Tall windows looked out across the same breathtaking sweep of mountains I had glimpsed the night before, snow-capped and gold-touched beneath the morning sun.

I would have happily drowned in that bath for a week.

Unfortunately, I had a king to not keep waiting.

So, I was efficient about it, for once in my life.

I scrubbed the last traces of the previous night from my skin, washed my hair, and tried very hard not to think about the way certain muscles ached in a way that had nothing to do with battle.

When I finally climbed out, pink and clean and feeling something dangerously close to human, I found a wardrobe waiting along one wall, and inside it, of course, more dresses… like he’d planned for me being there.

Because heaven forbid this castle contain a single pair of trousers.

I picked one in deep crimson this time, a change from yesterday’s pale blue, the fabric soft and rich and embroidered with a silver thread at the cuffs and bodice.

It was beautiful. It was also, I quickly discovered, every bit as much of a tactical nightmare as its predecessor, and after a brief and humbling struggle with the laces, I was deeply relieved to hear a soft knock at the door.

“My lady?”

I could have kissed her.

“Please tell me you know how this works,” I said the moment I let Thalia in, gesturing helplessly at the half-fastened back of the gown.

The young maid’s hazel eyes crinkled, the nervousness from yesterday already softening into something warmer.
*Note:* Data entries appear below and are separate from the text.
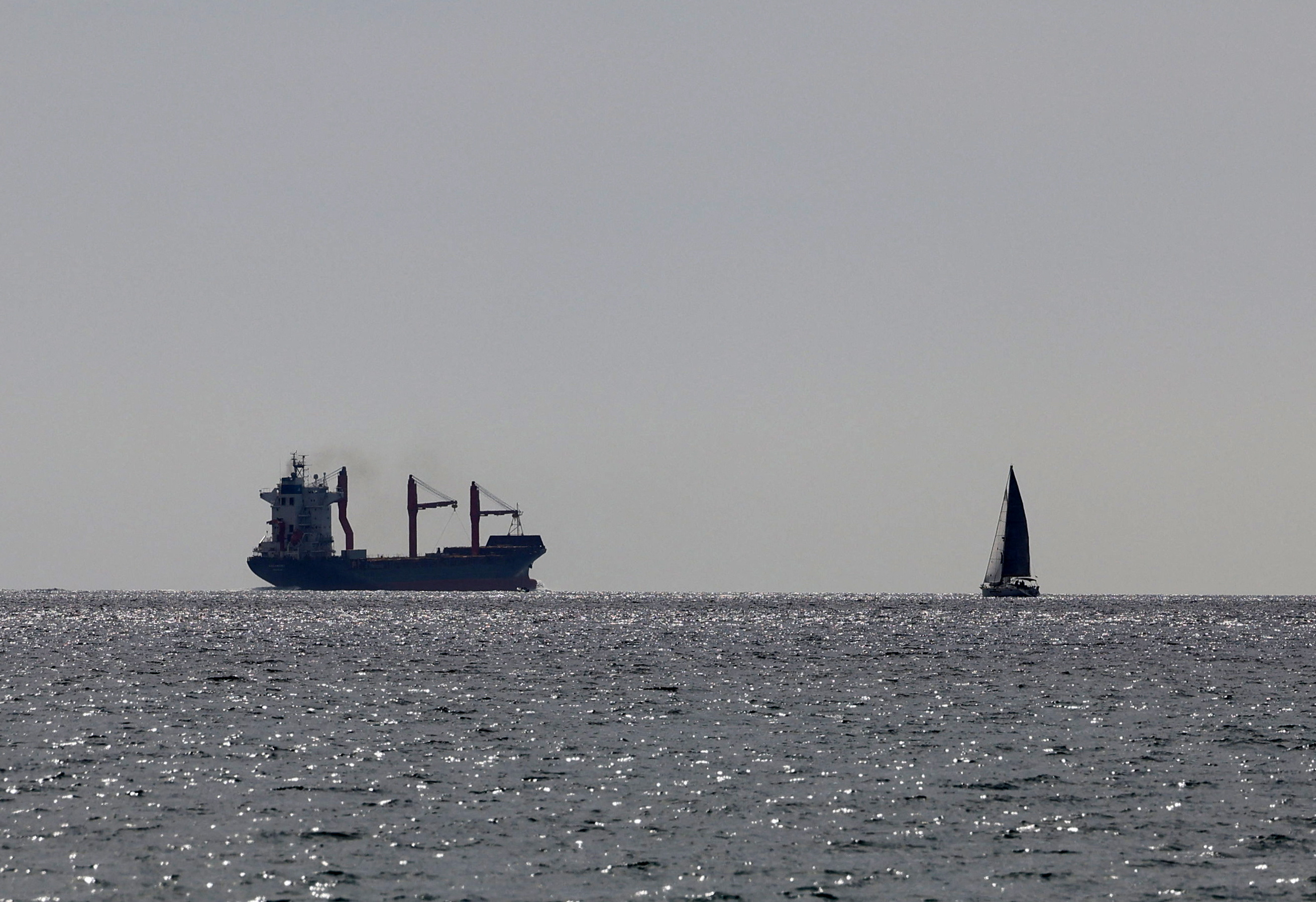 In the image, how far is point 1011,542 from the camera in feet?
580

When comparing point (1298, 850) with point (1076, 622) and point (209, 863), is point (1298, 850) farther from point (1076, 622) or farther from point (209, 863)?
point (1076, 622)

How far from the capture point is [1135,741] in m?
42.9

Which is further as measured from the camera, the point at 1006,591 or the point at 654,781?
the point at 1006,591

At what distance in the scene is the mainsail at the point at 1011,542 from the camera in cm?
17150

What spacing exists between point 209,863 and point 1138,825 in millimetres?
16846

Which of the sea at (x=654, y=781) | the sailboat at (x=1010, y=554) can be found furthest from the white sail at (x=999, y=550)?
the sea at (x=654, y=781)

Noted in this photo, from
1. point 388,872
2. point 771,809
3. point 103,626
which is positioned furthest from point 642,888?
point 103,626

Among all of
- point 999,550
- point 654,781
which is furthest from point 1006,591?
point 654,781

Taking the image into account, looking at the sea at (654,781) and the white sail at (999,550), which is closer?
the sea at (654,781)

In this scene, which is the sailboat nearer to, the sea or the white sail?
the white sail

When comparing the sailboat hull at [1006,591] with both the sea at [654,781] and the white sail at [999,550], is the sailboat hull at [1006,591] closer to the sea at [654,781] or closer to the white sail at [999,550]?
the white sail at [999,550]

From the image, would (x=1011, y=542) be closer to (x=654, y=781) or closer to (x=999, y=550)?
(x=999, y=550)

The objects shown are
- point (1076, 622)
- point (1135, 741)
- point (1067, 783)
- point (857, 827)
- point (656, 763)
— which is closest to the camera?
point (857, 827)

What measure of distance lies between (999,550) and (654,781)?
151 metres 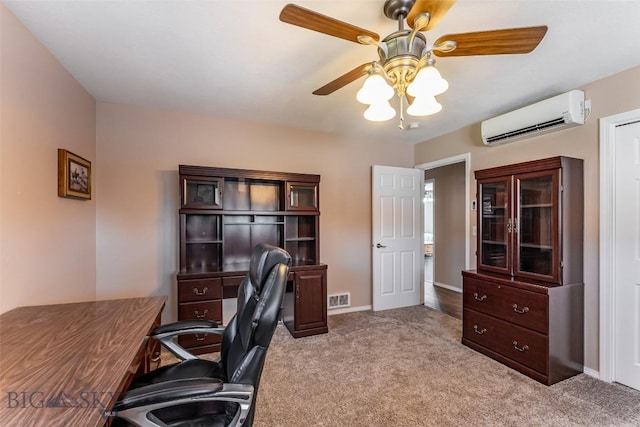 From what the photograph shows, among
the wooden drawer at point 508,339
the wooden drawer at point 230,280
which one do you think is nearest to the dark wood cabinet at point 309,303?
the wooden drawer at point 230,280

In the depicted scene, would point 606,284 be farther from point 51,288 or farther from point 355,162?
point 51,288

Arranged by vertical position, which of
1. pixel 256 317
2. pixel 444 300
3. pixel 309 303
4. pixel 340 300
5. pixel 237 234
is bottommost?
pixel 444 300

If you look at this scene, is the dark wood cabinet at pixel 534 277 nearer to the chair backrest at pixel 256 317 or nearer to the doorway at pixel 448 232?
the doorway at pixel 448 232

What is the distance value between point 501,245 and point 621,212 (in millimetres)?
883

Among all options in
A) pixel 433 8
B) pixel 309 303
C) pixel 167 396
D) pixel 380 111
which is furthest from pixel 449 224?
pixel 167 396

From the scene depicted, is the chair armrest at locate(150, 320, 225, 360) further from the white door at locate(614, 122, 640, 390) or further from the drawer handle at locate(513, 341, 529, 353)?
the white door at locate(614, 122, 640, 390)

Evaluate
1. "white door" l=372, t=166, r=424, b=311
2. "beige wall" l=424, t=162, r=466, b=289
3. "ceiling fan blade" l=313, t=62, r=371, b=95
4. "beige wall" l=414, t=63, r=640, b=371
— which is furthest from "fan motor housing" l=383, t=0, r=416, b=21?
"beige wall" l=424, t=162, r=466, b=289

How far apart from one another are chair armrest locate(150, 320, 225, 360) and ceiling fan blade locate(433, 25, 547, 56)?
1882 millimetres

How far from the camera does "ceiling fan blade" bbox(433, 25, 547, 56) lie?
1348mm

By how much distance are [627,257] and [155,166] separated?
431 centimetres

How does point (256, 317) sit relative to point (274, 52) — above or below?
below

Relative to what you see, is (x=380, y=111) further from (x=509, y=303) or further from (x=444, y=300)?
(x=444, y=300)

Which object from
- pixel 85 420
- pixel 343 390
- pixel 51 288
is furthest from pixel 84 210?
pixel 343 390

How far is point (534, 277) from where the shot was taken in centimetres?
257
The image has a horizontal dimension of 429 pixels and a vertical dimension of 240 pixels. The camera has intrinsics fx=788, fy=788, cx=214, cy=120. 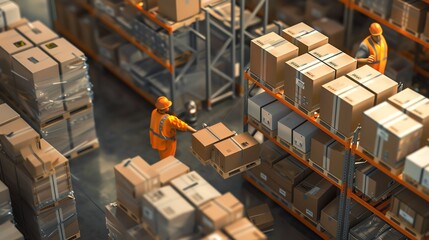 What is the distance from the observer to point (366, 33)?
1731 cm

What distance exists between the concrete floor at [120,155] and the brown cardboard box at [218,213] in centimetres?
282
“I do, my lady… erm, I mean, Alex,” she said, remembering to use my name with only a small, shy hesitation. “Hold still.”

Within minutes, she had me sorted, the laces tightened with brisk, practiced ease, my damp hair brushed and pinned back from my face.
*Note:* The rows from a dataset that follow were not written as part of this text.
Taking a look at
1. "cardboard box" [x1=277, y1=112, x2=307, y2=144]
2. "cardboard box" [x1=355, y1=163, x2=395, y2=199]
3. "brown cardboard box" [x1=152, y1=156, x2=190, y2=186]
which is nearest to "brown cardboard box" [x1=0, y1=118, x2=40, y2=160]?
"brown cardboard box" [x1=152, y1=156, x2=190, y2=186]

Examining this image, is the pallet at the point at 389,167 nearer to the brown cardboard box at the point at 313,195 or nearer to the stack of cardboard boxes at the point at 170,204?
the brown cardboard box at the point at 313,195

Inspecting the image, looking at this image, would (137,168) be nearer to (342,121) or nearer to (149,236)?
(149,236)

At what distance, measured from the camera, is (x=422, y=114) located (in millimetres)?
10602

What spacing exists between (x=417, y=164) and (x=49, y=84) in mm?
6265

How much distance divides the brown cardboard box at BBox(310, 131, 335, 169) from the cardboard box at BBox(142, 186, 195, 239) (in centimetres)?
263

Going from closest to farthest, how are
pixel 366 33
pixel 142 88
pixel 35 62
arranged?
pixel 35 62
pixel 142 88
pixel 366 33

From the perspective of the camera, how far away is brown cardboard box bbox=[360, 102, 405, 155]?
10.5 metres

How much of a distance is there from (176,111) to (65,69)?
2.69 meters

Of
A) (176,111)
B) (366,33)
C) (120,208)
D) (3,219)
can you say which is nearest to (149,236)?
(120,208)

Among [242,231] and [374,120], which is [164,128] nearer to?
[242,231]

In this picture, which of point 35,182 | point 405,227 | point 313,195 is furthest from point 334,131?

When I turned to the mirror, the woman looking back at me once again barely resembled the one who had crossed a battlefield.

Crimson and silver, clean and soft, like something out of the storybook I still couldn’t quite believe I’d fallen into.

“Now,” I said, turning to Thalia with what I hoped was an air of confidence, “I don’t suppose you could also show me how to find my way to wherever I’m supposed to be?

Because I will be honest with you, I got lost twice yesterday just trying to find the stairs.

” Of course, I left out the part where I was trying to run from her king.

Thalia laughed, the sound easier now, and led me out into the maze.

She guided me down sweeping staircases and along corridors lined with towering windows, past tapestries and silver lanterns and more grandeur than any one building had a right to contain.

And we continued on still until at last she brought me out through a pair of open glass doors and into the late morning air.

And I forgot, for a moment, how to do anything but stare.